Viva Dona Gertrudes! (Arquivo JRS) |
A
tarde anunciava trovoada passageira quando eu já estava na casa da Dona
Gertrudes, que festejava os seus quase cem anos anos. Todo final de ano é assim:
reencontro-festa dos parentes e amigos, onde a gente sempre aproveita as agradáveis prosas
de caiçaras de outras gerações. Não demorou para vir chuva barulhando e coriscando.
“É coisa rápida, passa logo. Espere só
estrondar umas duas ou três vezes”, falou do meu lado uma figura garantida
de todo ano: o Ataliba, caiçara do lado do Norte, mas que há muito tempo se
mudou para o centro da cidade. Depois de quarenta e sete anos trabalhando
embarcado (na pesca e cuidando de lanchas de passeio), ele se aposentou.
Conversar
com o Ataliba é ouvir de tudo, mas o que mais me agrada é ver as suas emoções
ao contar coisas do mar, de tempo em que viveu embarcado em grandes barcos pesqueiros:
“A gente pescava desde o litoral capixaba
até quase no Rio Grande do Sul. Tinha lugar de pesca que ficava por volta de
vinte horas de viagem até o porto mais próximo. No Rio de Janeiro, nas
principais fábricas de sardinhas enlatadas, eram toneladas e toneladas de
sardinhas que a gente deixava! Aqui mesmo em Ubatuba, o barco esvaziava para
abastecer as salgas do Altino Maciel, do Igawa, do Gitano... Era fartura de
peixe! Até mesmo para fazer adubo a gente entregava peixe! Imagine você que a
caixa de sardinhas, pesando oitenta quilos, era entregue a cinco cruzeiros (Cr$
5,00). Era barato demais! Agora, veja só, se acabou o peixe. Imagine entregar
peixe até para adubo! Eu já dizia
naquele tempo que um dia isso tudo se acabaria. Era perseguição demais aos coitados dos peixes!”.
Se recordando
de coisas impressionantes, o Ataliba contou:
“Tem gente que tem um poder especial. Eu me
lembro de um homem que passava de vez em quando na Rampa (área dos bares e
mercearias e do comércio de pescados, na Barra dos Pescadores) ajustando
balanças. Ele, com apenas dois dedos, envergava enormes pregos, encostando
ponta com cabeça. Uma vez, estando ele na peixaria do Caetano, eu lhe dei um
prego, desses de 22 por 48, só para ver a proeza que tanta gente admirava.

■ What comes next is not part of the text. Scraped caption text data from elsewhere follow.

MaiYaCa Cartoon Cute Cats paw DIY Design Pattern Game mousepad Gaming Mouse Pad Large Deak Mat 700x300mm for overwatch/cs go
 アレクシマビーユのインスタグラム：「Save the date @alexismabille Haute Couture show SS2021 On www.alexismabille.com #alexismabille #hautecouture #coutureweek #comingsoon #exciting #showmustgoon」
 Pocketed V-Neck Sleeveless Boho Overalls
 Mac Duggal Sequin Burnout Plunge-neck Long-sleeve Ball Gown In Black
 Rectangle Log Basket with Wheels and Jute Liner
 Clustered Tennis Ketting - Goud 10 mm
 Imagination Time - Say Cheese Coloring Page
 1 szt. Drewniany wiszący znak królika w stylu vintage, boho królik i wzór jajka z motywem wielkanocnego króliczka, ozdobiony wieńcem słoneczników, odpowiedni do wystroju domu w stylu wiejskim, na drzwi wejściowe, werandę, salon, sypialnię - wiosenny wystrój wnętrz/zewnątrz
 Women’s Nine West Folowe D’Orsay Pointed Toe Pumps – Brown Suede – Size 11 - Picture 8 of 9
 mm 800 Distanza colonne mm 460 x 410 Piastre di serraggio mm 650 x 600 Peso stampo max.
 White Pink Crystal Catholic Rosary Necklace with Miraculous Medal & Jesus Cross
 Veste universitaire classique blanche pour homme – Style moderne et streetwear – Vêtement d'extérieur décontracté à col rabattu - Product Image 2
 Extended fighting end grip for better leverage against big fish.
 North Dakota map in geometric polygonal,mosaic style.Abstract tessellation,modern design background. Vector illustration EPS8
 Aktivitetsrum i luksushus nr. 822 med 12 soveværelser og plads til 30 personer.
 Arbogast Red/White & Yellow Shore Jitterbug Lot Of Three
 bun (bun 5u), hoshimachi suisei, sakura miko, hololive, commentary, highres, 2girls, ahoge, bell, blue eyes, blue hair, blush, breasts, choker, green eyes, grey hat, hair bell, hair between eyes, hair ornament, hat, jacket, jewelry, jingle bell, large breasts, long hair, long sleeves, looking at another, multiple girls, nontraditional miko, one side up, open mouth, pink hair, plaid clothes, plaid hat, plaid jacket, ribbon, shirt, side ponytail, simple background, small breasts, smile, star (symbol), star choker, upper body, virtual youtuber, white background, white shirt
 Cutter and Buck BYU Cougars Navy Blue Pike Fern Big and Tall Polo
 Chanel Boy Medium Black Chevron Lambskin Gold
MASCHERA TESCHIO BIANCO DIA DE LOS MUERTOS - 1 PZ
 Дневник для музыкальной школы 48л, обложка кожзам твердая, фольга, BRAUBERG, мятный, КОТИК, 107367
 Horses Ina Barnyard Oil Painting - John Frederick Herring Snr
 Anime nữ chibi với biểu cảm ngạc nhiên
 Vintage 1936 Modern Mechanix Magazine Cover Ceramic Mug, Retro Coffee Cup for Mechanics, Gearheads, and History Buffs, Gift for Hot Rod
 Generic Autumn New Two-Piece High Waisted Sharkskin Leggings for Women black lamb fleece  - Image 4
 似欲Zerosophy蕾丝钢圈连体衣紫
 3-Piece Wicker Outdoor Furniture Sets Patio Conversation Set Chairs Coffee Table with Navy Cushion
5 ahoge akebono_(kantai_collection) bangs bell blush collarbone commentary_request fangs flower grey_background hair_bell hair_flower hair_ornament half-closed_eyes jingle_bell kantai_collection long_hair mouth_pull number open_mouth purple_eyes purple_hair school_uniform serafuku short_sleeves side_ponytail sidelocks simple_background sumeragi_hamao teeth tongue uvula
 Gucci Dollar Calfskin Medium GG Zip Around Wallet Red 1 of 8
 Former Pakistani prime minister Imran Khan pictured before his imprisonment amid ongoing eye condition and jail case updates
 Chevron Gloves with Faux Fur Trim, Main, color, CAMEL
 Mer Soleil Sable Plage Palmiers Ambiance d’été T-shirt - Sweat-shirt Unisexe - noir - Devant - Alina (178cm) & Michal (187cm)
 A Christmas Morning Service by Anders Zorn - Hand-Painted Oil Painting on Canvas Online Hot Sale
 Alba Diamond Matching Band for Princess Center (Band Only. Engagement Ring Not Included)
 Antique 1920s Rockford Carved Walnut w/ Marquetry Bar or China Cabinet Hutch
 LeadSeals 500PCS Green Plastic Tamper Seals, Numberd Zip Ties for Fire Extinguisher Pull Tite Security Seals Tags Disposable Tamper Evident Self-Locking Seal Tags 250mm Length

Assim, diante dos meus olhos, sem fazer força nenhuma, o prego se dobrou. Fiquei
bobo. Em outra ocasião, tinha um sujeito com um galo chamando a atenção de quem
zanzava por ali, na ponte que vai para o Perequê-açu: ele fazia um galo
arrastar tranquilamente uma viga de 12 [6 x 12 cm], de peroba. E não era pequena não! Imagine você! Se ajuntava um monte de gente para ver aquilo: um galo arrastando
uma viga como se não fizesse nenhum esforço. De repente, chegou o Cristino, do Perequê-açu, trazendo um cacho de banana. No meio do cacho vinha uma cobra, mas ele não
sabia. Quando passou perto daquela gente toda olhando o galo, ele quis saber o
porquê. Logo as pessoas lhe disseram que a ave arrastava uma viga sobre a ponte
pra lá e pra cá. Ele olhou e viu outra coisa: o galo puxava furiosamente era
uma palha de esteira, bicava, largava, tornava a arrastar. Então, veja você: a
cobra, que estava no dormindo no cacho de banana quebrou o feitiço. As pessoas
estavam encantadas, viam uma coisa, mas era outra. Imediatamente o Cristino disse: ‘Vocês
estão cegos? Eu só tô vendo um galo brincando com uma palha de taboa, de
esteira velha!’. Na verdade, o dono do galo tinha poder, um magnetismo forte. Ele
fazia todo mundo enxergar uma coisa que não era. É, meu amigo, cobra quebra
feitiço. Aquilo confirmou o que os nossos velhos já diziam, não é mesmo?”.
Parabéns,
Dona Gertrudes! Valeu mais um ano e uma oportunidade de reencontrar toda essa gente
boa! Que todos nós tenhamos um bom ano próximo.